From The Dallas Morning News
Dive in at Lee Harvey’s

Several bars that cater to blue Americans (cineastes, Unitarians, Central Market shoppers) in this red state are suckers for authenticity. They strive to create the impression of a dive without the literal presence of customers named Clovis who mutter and gum their beer nuts – and who do so without irony.
Lee Harvey’s has those places beat. Under other names, the weathered one-story south of downtown, at Gould and Beaumont, has been an unprepossessing dispenser of spirits for half a century. It’s located in an area in which the zoning would be charitably described as “mixed.” The contractor’s depot next door lends a particular concertina-wire charm.

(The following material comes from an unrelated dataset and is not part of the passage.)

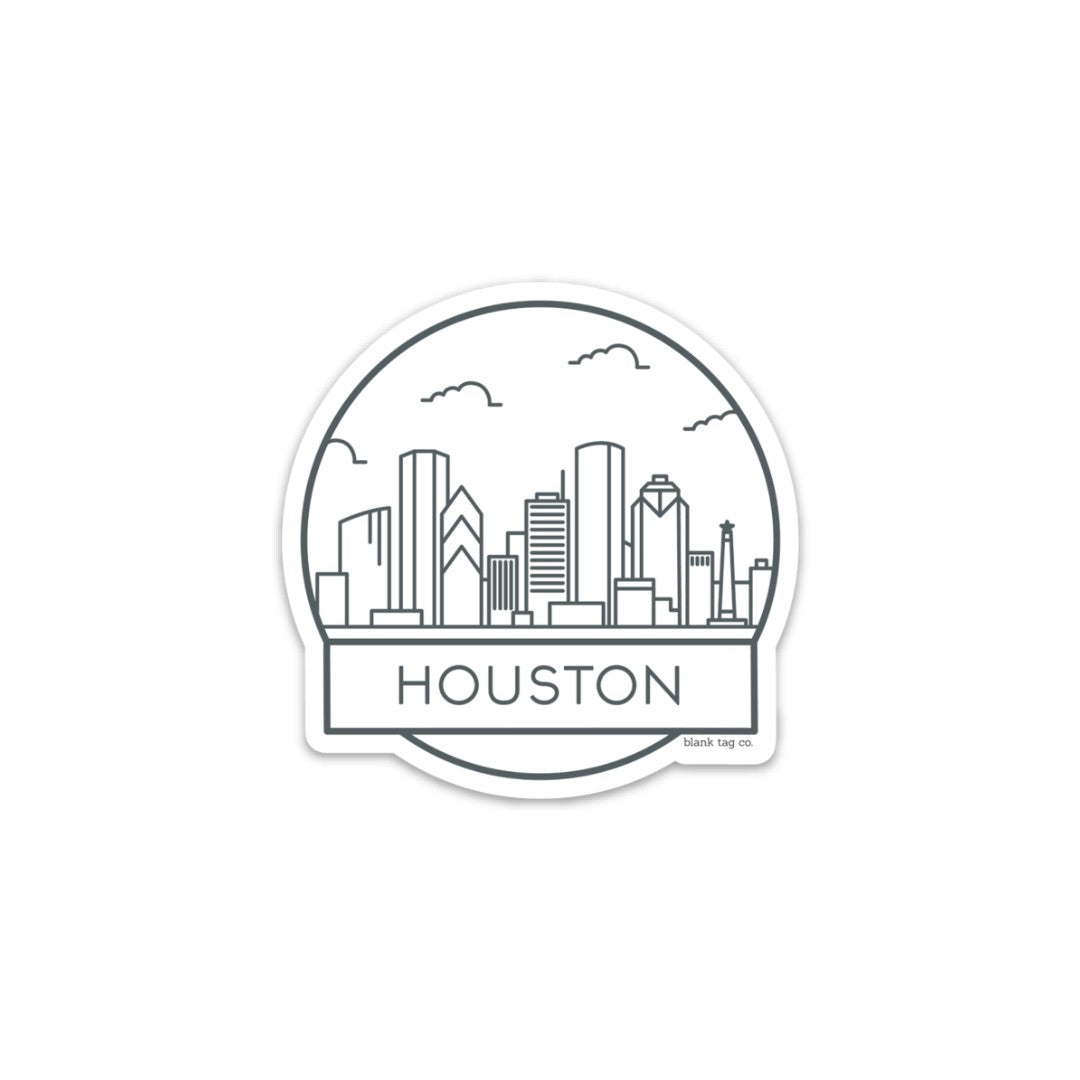 Blank Tag Co.® Waterproof Sticker - Houston Cityscape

Step carefully across the gravel parking lot, up to the screened entrance, and enter a ramshackle, low-ceilinged home away from home for the disaffected: frayed barstools, battered banquettes, a pool table set practically flush with the lavatory door, several generations of illuminated beer signs cluttering the walls.

This is the kind of roadhouse cred that attracts iPod buckaroos from the nearby South Side on Lamar lofts. Lee Harvey’s accommodates them. There’s Pabst in the can, of course, but also Patron. The jukebox bellows a head-bobbing, if puzzling, mix of classic rock, hair metal and ’80s synth-pop. Conceptually speaking, that’s a far cry from Ernest Tubb.

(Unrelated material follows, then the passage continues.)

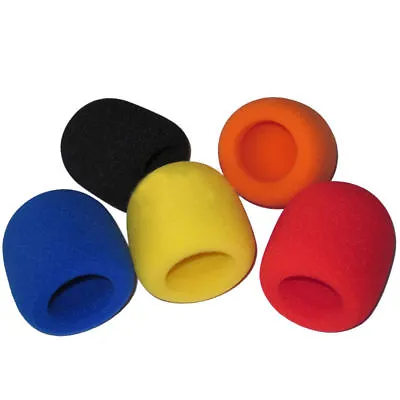 5 PCS Colorful Microphone Windsock Foam Windscreen For Shure Wireless Microphone • $6.99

The bar is open daily starting at 4 p.m. No cover. No door control; in fact, the screen door is liable to drop off its hinges.

In 10 words or less: Urban pioneers imbibe amid glowing beer signs.

How happening: Blank to bustling late on Fridays.

Who’s there: South Siders and foreign film fans.

Prime real estate: The beat-up banquette nearest the pool table.